Computer Vision for Video Editing Learning to Cut, Classify, Assemble, and Generate
This thesis advances video editing by developing a suite of computer vision models for understanding and generating editorial decisions, including a method for ranking video cuts, a dataset for classifying cut types, a language-guided timeline assembler, and a diffusion-based technique for creating match cuts.
Overview
The rise of democratized video creation has increased the demand for tools that assist, accelerate, or automate the editing process. While advances in Computer Vision have led to powerful models for video understanding, captioning, and content retrieval, one of the most creative and time-consuming aspects of video creation—timeline and narrative editing—remains highly underexplored. This thesis frames editing as the task of making and executing editorial decisions that shape the structure, pacing, and meaning of video narratives. We specifically focus on timeline editing: selecting and placing cuts, arranging clips, and designing transitions between visual elements.

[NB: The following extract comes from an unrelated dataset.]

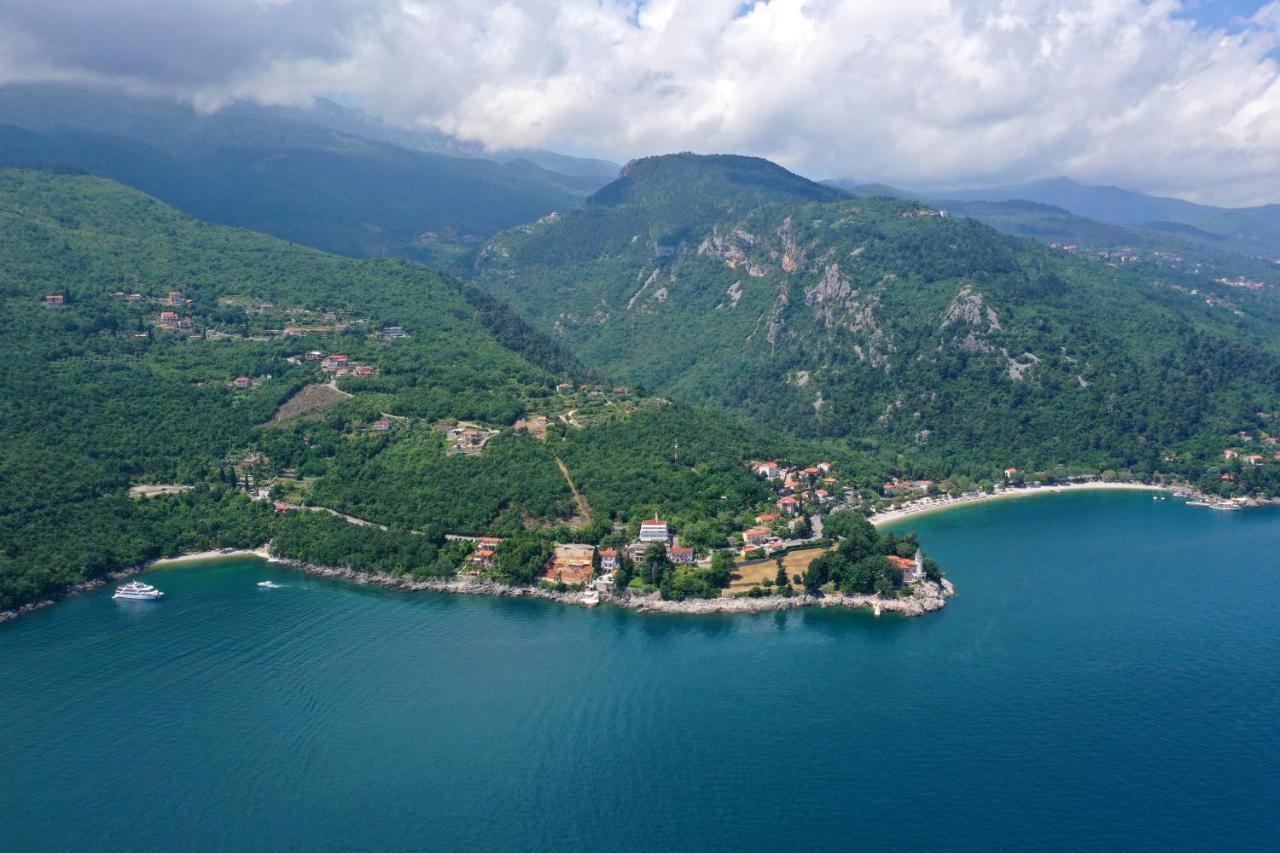 Apartments And Rooms By The Sea Medveja, Opatija - 2305 Lovran Ngoại thất bức ảnh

We propose four contributions that collectively advance semantic understanding, execution, and generative modeling for editorial tasks. First, we introduce a contrastive learning method to rank the plausibility of video cuts by analyzing professionally edited videos, enabling models to evaluate cuts with human-like judgments. Second, we present MovieCuts, the first large-scale dataset for cut-type recognition, and benchmark multimodal models that classify ten professional cut categories. Third, we develop the Timeline Assembler, a multimodal generative model that edits visual timelines in response to natural language instructions, combining content understanding and language-guided editing. Finally, we propose MatchDiffusion, a training-free method that exploits the noise properties of text-to-video diffusion models to generate match cuts, expanding editing from selection and classification to creative generation.

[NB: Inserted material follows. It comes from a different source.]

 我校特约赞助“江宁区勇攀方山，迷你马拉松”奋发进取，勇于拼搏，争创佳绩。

Together, these contributions establish a progressive roadmap toward Computer Vision systems capable of understanding, executing, and generating editorial decisions, bridging the gap between content analysis and creative media production. The models and benchmarks developed in this thesis lay the groundwork for future research in automated editing, AI-assisted creativity, and accessible storytelling tools.
Presenters
Brief Biography
Alejandro Pardo is a final-year Ph.D. student at KAUST, advised by Prof. Bernard Ghanem. His research explores the intersection of computer vision and creativity, with a focus on automating video editing using generative models. He previously earned his M.Sc. under Pablo Arbeláez and has interned at Intel's Embodied AI Lab and Adobe Research. Alejandro is passionate about bridging technology and storytelling.